Embora a Organização Mundial da Saúde tenha reconhecido o novo vírus apenas em janeiro de 2020, estudos sugerem que o SARS-CoV-2 já circulava na China desde outubro de 2019. A partir de então, cientistas se dedicaram ao entendimento do vírus, desenvolvendo vacinas e tratamentos que, embora eficazes, ainda enfrentam desafios relacionados à cobertura vacinal, especialmente em populações vulneráveis.

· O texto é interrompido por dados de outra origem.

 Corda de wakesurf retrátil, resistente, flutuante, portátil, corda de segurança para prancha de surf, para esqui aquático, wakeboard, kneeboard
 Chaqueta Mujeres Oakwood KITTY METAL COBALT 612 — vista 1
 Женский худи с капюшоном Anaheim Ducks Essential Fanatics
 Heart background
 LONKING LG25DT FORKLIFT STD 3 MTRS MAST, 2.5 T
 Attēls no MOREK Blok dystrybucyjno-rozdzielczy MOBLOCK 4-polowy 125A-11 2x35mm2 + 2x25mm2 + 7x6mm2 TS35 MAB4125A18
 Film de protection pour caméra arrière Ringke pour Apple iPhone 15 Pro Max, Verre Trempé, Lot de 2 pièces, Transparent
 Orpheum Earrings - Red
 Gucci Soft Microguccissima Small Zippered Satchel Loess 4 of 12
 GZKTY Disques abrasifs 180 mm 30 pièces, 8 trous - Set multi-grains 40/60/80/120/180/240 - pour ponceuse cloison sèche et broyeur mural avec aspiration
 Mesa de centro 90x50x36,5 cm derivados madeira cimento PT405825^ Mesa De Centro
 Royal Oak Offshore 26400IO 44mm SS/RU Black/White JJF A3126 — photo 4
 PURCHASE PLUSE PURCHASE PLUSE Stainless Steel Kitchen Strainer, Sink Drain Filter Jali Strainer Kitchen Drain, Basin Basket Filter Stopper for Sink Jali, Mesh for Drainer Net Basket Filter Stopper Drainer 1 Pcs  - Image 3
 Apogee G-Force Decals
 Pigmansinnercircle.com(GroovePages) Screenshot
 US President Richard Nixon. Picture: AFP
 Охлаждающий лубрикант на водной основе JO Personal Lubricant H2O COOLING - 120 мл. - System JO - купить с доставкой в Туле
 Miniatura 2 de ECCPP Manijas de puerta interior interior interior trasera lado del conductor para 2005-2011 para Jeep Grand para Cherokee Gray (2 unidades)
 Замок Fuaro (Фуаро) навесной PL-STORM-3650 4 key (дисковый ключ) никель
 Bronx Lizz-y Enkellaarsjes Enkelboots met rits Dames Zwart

O rápido desenvolvimento de vacinas, principalmente as de mRNA, foi um marco na história das pandemias, acelerando a produção de imunizantes seguros e eficazes. A colaboração global sem precedentes entre cientistas e indústrias foi fundamental para esse avanço. No entanto, questões como os impactos a longo prazo da doença e a previsão precisa dos padrões de infecção ainda exigem mais pesquisa.
Com a pandemia controlada em grande parte, o foco agora é em aplicar as lições aprendidas para futuras emergências de saúde pública, evitando erros cometidos no passado e garantindo uma resposta mais ágil e eficaz.